___ EXERCISE DATA ___

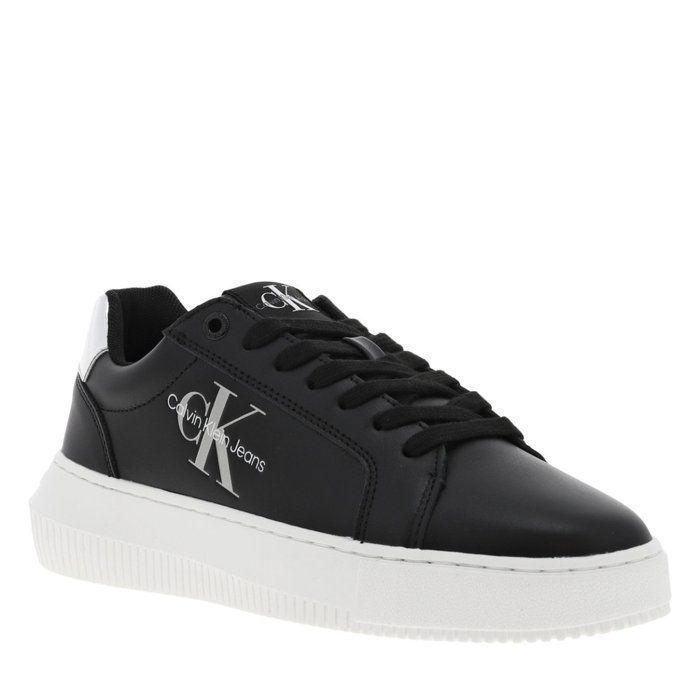 Calvin Klein Sneakers en cuir noir à semelle plateforme blanche et à lacets plats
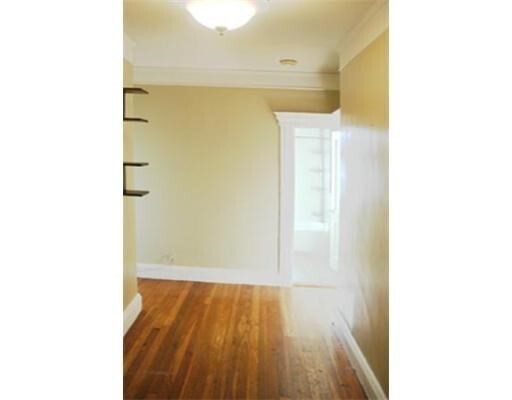 69 Park Dr in Boston, MA - Building Photo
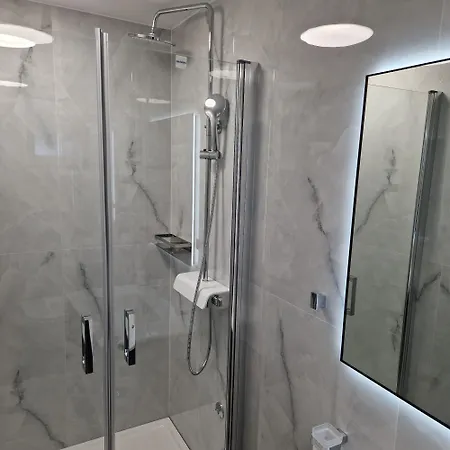 Apartment Alma Apartman Novi Vinodolski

___

● WHAT YOU ARE ASKED TO DO
Please copy the data above exactly, omitting the pictures.

● RESULT BELOW
 Calvin Klein Sneakers en cuir noir à semelle plateforme blanche et à lacets plats
 69 Park Dr in Boston, MA - Building Photo
 Apartment Alma Apartman Novi Vinodolski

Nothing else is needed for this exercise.